Analysis of Corpus of Extremist Texts and Unlawful Texts

Authors

Smirnoff I. Suvorova (Ananieva) M.

Annotation

The purpose of the study: development of a technique of creation and automatic analysis of special corpora for their subsequent application as the training datasets and detecting the differentiating characters in problems of text classification. Method: tools of the analysis of the case TXM platform expanded with the developed procedures of calculation of additional characteristics of texts, such as combinations of letters, pseudo-bases, noun phrases, verb phrases were used.
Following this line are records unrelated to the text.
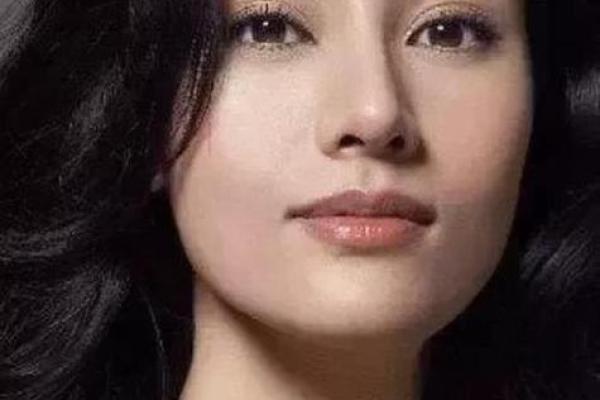 女人面相有福气的标志，解密好运的面部特征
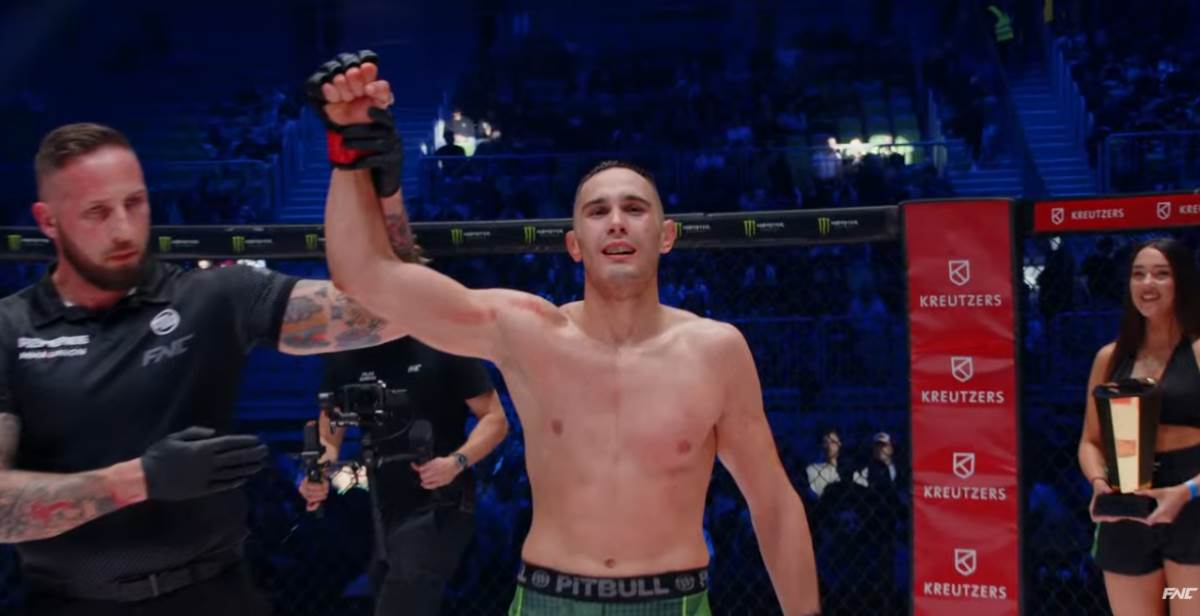 Vuk Lekić slavi pobedu protiv Saša Klinca na FNC 29 u Ljubljani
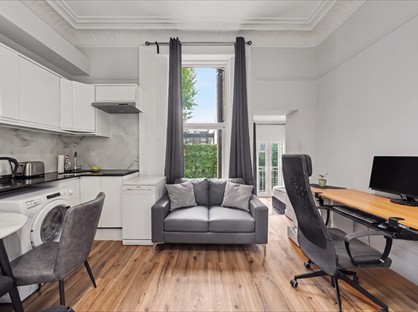 1 Bed Flat, Lexham Gardens, W8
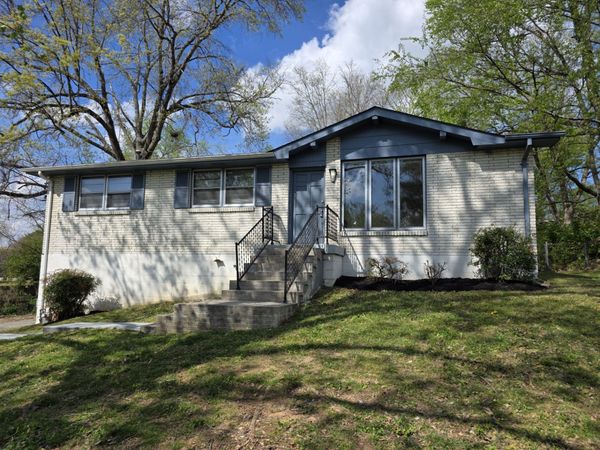 125 Curtis Cross Roads , Hendersonville, TN 37075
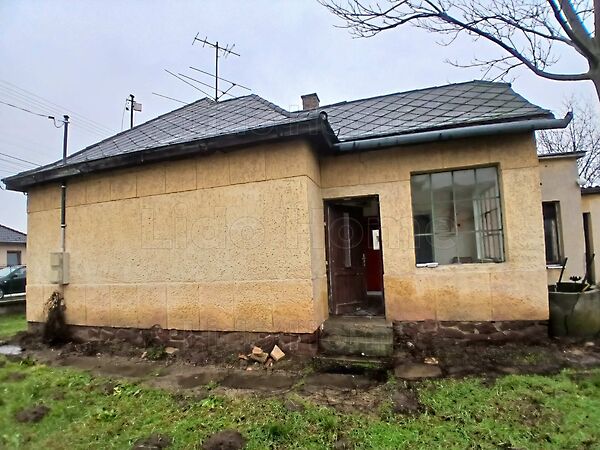 Eladó ház Kisbér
Results: it is shown that the developed extenders of the case TXM platform allow to solve effectively problems of the analysis of texts of special subject, the created corpus of extremist subject can be used as the training selection for problems of classification of texts, the conclusion about use of combinations of letters as the universal differentiating characters along with classical linguistic characteristics of texts is drawn.

External links

DOI and a link to the PDF file (in Russian): https://doi.org/10.21681/2311-3456-2019-4-54-60

Contents of 4th issue of the Cybersecurity Issues journal with a link to PDF (in Russian): https://cyberrus.com/voprosy_kiberbezopasnosti_444/?lang=en

Read or download PDF at ResearchGate (in Russian): https://www.researchgate.net/publication/335256244_Analysis_of_Corpus_of_Extremist_Texts_and_Unlawful_Texts

Reference link

Lavrentev A. M., Smirnov I. V., Solovyov F. N., Suvorova M. I., Fokina A. I., Chepovsky A. M. Analysis of Corpus of Extremist Texts and Unlawful Texts // Cybersecurity Issues. – 2019. – No. 4. – Page 54-60.